In order to understand the impact of web 3.0 on the marketing ecosystem, we must first understand a bit about its predecessors – web 1.0 and web 2.0 and how web 3.0 is different and more future-ready compared to the previous versions of the web.
Web 1.0 is a read-only web, where users would come to look for information. This type of web has become obsolete currently. Web 2.0 is a read and write format of web, where users can not only come and collect information, they can also write their responses or generate content, allowing a two-way communication between platforms and users or brands and users. An example of this would be social media or mobile.
Web 3.0 is the next generation of web which allows users to read, write and interact with the web and is a far more immersive experience.
The concept of Web 3.0 is not new. It has been in existence since 2006 when the term was first coined. About a decade ago, around 2012, Web 2.0 started getting irrelevant. And that’s when discussions around the next generation of web started gaining momentum.
Web 3.0 is the next generation of web, based on the principles of block chain. It involves AI (Artificial Intelligence), ML (Machine Learning), AR/VR, cryptocurrencies and NFT (Non-Fungible Tokens) and most importantly, is far more data safe and prevents data leakage by decentralising data storage, unlike web 2.0.
While there are many benefits to web 3.0, the pertinent question is whether India or any of the other growing economies in the world are prepared for it, from a technological advancement standpoint. For starters, the systems and gadgets currently in use, will not be compatible to web 3.0 For example, a lot of brands including brands in the FMCG, luxury jewellery etc. have done launches and events in the metaverse, and already registered their presence there. However, how scalable are these activities given that the Metaverse headset is something very few currently have? Yet, the global metaverse market is estimated to grow to a whopping 1.5 trillion USSD in the next eight years.
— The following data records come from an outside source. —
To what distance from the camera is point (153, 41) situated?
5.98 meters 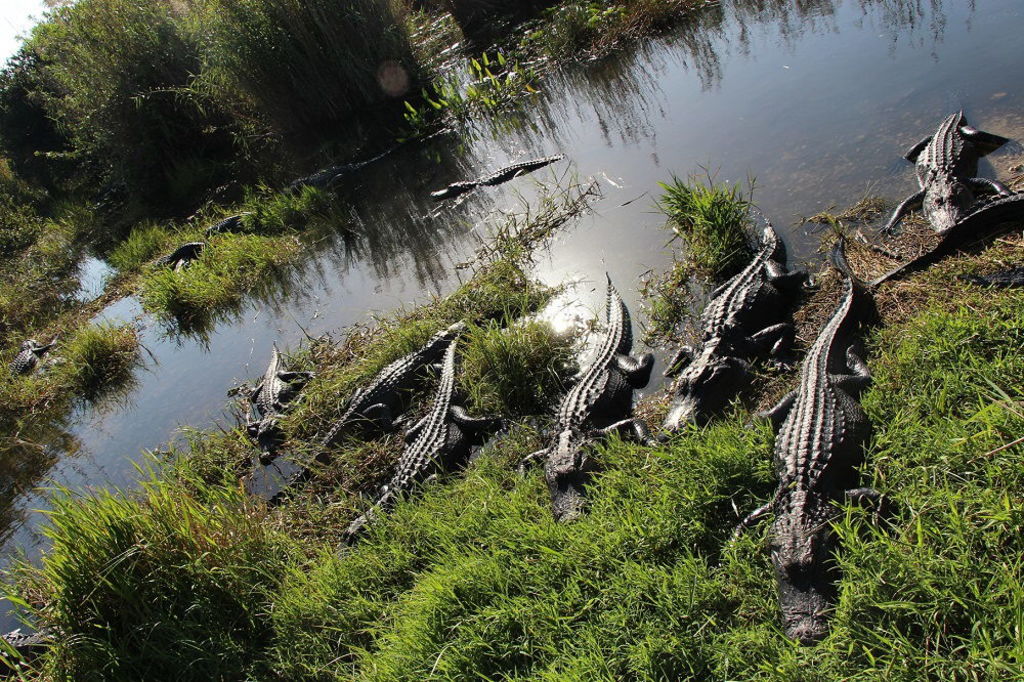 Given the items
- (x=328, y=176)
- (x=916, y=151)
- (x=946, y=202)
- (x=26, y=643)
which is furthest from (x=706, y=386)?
(x=328, y=176)

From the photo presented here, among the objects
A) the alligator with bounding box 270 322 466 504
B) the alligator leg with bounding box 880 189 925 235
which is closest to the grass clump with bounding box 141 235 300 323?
the alligator with bounding box 270 322 466 504

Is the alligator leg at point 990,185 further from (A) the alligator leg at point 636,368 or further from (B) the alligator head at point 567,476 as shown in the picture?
(B) the alligator head at point 567,476

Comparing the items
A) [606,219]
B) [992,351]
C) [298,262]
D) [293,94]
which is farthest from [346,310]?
[293,94]

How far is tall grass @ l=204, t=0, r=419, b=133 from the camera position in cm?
1248

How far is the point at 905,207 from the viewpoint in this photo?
518 centimetres

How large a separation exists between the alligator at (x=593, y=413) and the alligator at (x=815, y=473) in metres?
0.95

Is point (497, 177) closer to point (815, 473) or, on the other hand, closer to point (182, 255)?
point (182, 255)

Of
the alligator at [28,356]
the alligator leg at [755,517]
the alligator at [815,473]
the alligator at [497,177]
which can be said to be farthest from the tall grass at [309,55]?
the alligator leg at [755,517]

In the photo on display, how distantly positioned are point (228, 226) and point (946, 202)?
10050 mm

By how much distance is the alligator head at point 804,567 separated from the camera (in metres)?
2.54

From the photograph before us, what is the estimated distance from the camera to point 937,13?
784cm

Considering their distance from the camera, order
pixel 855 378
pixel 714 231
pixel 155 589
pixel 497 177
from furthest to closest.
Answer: pixel 497 177, pixel 714 231, pixel 155 589, pixel 855 378

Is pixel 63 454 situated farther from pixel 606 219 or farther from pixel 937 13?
pixel 937 13

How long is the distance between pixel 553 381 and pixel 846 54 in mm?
5958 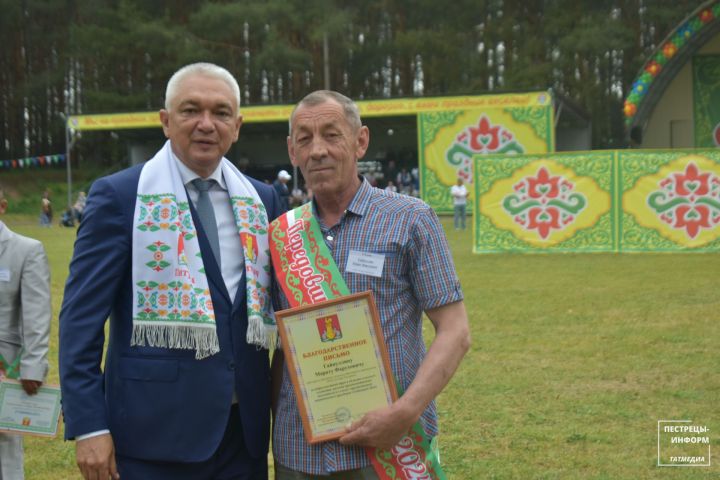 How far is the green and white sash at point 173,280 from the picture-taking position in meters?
2.48

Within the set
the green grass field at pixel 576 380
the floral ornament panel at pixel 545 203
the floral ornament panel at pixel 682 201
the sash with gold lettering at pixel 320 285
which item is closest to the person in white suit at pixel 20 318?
the green grass field at pixel 576 380

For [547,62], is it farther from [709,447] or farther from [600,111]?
[709,447]

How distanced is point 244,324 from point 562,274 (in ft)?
33.9

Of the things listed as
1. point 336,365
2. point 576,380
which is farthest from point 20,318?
point 576,380

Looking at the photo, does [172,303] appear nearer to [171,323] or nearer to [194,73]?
[171,323]

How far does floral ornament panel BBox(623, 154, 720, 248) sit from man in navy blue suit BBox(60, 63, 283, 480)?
12717 mm

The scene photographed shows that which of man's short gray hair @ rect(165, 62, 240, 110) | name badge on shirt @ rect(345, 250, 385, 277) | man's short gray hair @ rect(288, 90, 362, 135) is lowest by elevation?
name badge on shirt @ rect(345, 250, 385, 277)

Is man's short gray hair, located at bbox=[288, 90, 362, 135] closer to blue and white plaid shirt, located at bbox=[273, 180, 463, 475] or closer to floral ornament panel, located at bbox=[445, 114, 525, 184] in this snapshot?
blue and white plaid shirt, located at bbox=[273, 180, 463, 475]

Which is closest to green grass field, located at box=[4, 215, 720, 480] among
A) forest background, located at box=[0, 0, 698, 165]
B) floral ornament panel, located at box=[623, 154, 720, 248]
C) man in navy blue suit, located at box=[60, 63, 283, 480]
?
man in navy blue suit, located at box=[60, 63, 283, 480]

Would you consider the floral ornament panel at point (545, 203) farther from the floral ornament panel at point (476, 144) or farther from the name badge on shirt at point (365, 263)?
the name badge on shirt at point (365, 263)

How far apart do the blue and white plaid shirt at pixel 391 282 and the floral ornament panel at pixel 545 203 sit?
1273 centimetres

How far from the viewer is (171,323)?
246 cm

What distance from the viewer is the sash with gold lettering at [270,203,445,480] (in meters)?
2.46

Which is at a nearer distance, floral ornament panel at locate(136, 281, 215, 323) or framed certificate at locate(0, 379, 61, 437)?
floral ornament panel at locate(136, 281, 215, 323) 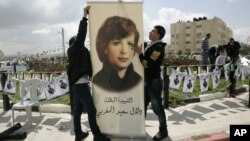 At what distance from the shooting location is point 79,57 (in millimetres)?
5727

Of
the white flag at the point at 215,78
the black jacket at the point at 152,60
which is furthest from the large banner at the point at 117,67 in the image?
the white flag at the point at 215,78

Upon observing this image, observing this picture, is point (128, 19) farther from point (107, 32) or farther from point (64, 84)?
point (64, 84)

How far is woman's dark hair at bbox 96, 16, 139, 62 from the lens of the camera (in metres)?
5.82

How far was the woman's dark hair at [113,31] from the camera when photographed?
582 centimetres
So, the future clearly belongs to the metaverse.
However, India’s Information Technology Act of 2000 is highly inadequate to determine the loopholes of web 3.0. Yes, the Government has launched a few blockchain accelerator programmes to equip start ups to transition into web 3.0. But the scale of penetration required for a country like India is humongous.
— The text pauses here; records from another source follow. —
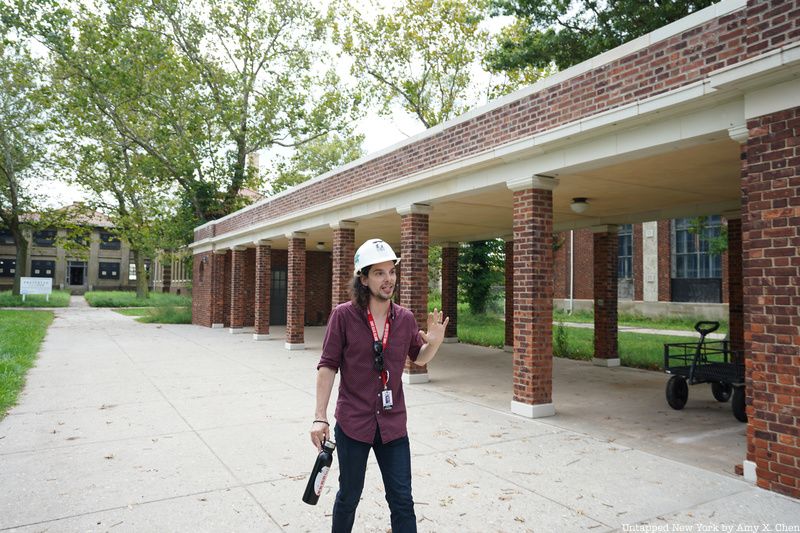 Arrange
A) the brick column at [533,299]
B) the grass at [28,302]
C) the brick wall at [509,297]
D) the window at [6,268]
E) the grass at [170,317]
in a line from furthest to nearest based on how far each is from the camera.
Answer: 1. the window at [6,268]
2. the grass at [28,302]
3. the grass at [170,317]
4. the brick wall at [509,297]
5. the brick column at [533,299]

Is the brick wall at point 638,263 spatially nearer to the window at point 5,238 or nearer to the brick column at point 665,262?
the brick column at point 665,262

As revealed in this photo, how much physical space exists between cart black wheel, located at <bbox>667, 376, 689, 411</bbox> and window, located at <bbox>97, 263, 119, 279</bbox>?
73.6m

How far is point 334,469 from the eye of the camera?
5215 mm

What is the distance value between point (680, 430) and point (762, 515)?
2.92 m

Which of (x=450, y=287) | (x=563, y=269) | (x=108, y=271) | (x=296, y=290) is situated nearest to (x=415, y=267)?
(x=296, y=290)

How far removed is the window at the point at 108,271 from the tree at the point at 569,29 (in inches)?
2573

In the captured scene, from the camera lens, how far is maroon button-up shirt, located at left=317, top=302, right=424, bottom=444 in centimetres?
288

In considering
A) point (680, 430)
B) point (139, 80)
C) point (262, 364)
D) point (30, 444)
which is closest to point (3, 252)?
point (139, 80)

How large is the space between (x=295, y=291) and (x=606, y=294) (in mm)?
8402

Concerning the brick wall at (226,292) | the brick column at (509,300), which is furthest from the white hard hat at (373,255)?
the brick wall at (226,292)

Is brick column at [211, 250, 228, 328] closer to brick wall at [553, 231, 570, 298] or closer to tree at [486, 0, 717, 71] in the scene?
tree at [486, 0, 717, 71]

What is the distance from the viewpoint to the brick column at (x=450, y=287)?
17.8m

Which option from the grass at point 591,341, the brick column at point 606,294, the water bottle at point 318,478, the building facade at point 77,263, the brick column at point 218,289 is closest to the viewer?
the water bottle at point 318,478

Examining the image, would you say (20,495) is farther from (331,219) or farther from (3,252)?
(3,252)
USA is leading in the blockchain web 3.0 adoption, while markets such as Asia and EU are certainly showing promise particularly with the advent of 5G.
India is slated to become the fastest growing ad market in the world, beating behemoths such USA and Brazil this year, and will grow by 16%, as per a recent report.
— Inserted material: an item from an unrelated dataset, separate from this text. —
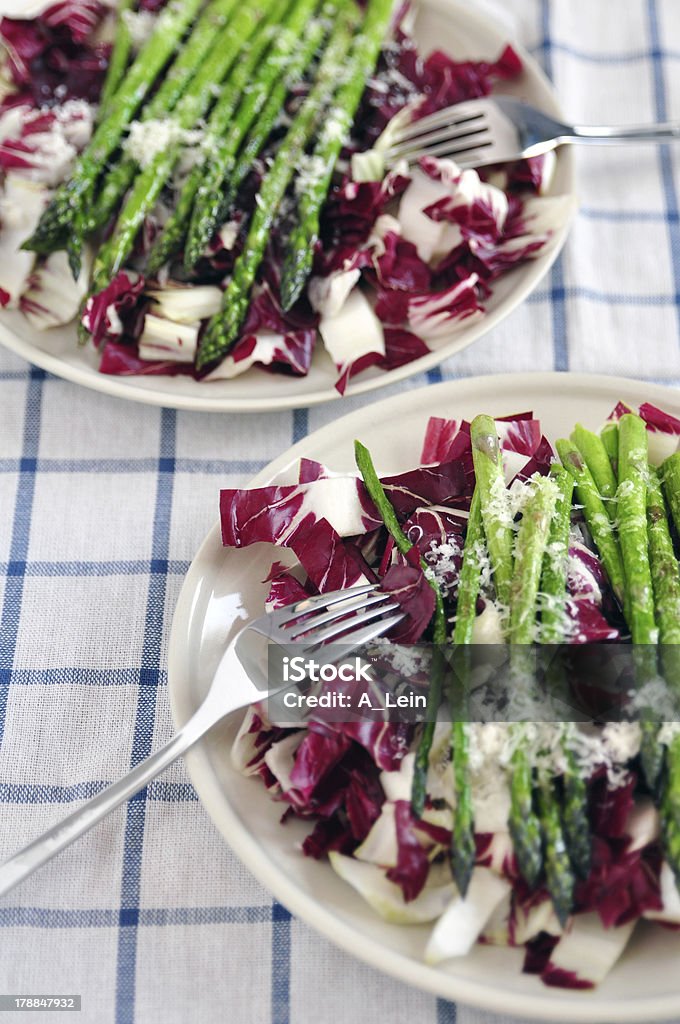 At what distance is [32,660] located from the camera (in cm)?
229

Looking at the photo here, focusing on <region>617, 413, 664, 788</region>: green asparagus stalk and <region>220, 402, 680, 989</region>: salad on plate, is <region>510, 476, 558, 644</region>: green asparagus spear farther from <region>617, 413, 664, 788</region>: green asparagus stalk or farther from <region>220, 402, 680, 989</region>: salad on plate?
<region>617, 413, 664, 788</region>: green asparagus stalk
And a majority of this growth is going to be driven by digital. Web 3.0 will certainly have a significant impact, not just on marketing but also on the entire customer lifecycle and user experience.
For starters, the power of data management will move from brands to consumers – certainly a welcome change given all the unrest around data security and privacy in the recent years.
Secondly, SEO will undergo considerable transformation as well, as more and more searches will become voice-based. Google has already reported that globally, 27% of all searches on mobile are voice-based. And this number will steadily grow over the next few years, compelling websites to become voice-search enabled.
There will also be a rise in long-tail keyword search with rise in voice-search and because of the use of AI, keywords such as “near me” will not be in use much, as businesses near the user will become a default option while searching.
Because of the nature of web 3.0, customers would derive more value out of the web experience, and ads shown to them would be more relevant and contextual to them. More importantly, with the increasing focus on AR (Augmented Reality) and VR (Virtual Reality), more and more brands, particularly in the high ticket-price segments such as automobile, real estate and fine jewellery, will create 3D content assets to deliver a more enhanced customer experience. This has already started taking place, and COVID-19 was a huge propeller of the high adoption of AR and VR by brands. The future of digital and e-commerce is certainly AR driven.
But fundamentally what will change is the nature in which brands engage with its customer. The future is cookieless, and marketers are already struggling to figure out how to navigate this. So, the advent of web 3.0 would mean more community-driven, interest-based interactions with consumer as opposed to a transactional relationship with them.
Views expressed above are the author’s own.